PROBLEM TO SOLVE :: The answer is every line in the data below that contains the word "Blot".

ENTRIES SUPPLIED ::
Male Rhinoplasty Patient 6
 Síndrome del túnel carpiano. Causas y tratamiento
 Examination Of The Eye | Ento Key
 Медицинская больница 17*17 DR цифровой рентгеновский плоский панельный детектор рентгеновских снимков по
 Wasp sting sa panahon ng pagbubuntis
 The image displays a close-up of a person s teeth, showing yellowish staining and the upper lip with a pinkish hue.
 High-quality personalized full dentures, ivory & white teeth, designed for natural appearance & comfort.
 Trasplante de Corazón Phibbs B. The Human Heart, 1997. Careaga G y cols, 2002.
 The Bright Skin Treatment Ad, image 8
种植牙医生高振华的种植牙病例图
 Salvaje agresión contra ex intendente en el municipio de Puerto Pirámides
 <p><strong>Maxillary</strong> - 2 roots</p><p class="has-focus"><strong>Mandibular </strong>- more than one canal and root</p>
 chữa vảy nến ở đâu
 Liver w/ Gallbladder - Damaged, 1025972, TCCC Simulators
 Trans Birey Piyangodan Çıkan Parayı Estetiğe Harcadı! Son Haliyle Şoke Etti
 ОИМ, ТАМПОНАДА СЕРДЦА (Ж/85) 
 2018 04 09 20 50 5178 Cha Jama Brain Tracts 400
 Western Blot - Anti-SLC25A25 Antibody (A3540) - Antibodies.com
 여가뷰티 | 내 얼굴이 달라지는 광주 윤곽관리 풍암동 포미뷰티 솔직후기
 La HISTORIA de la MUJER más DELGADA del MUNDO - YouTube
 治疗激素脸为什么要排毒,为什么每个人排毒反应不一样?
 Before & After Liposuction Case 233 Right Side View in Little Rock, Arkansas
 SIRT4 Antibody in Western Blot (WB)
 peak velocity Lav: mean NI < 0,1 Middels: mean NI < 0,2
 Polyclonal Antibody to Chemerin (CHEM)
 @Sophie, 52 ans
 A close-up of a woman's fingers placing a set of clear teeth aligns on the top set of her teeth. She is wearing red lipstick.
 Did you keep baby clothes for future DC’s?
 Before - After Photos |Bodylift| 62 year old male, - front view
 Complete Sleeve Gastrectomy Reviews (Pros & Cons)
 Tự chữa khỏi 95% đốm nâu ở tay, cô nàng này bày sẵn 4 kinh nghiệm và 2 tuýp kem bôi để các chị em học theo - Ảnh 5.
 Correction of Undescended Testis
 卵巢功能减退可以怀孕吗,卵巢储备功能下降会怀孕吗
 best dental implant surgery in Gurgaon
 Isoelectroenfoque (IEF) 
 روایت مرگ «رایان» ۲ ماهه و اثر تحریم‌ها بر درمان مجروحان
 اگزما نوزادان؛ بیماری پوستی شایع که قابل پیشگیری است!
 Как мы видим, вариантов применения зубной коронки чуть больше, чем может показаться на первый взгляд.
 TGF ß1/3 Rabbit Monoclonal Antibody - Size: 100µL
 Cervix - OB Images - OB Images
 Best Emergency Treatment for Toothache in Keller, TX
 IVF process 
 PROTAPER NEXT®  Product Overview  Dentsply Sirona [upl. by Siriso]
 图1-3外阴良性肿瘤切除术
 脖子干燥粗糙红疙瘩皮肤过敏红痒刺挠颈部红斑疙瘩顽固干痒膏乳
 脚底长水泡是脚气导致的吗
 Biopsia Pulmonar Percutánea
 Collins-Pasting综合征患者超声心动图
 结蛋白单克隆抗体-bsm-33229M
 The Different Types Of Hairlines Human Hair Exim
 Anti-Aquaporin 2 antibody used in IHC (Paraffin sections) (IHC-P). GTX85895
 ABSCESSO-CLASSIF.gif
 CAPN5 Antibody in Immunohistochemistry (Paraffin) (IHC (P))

PROBLEM SOLUTION ::
 Western Blot - Anti-SLC25A25 Antibody (A3540) - Antibodies.com
 SIRT4 Antibody in Western Blot (WB)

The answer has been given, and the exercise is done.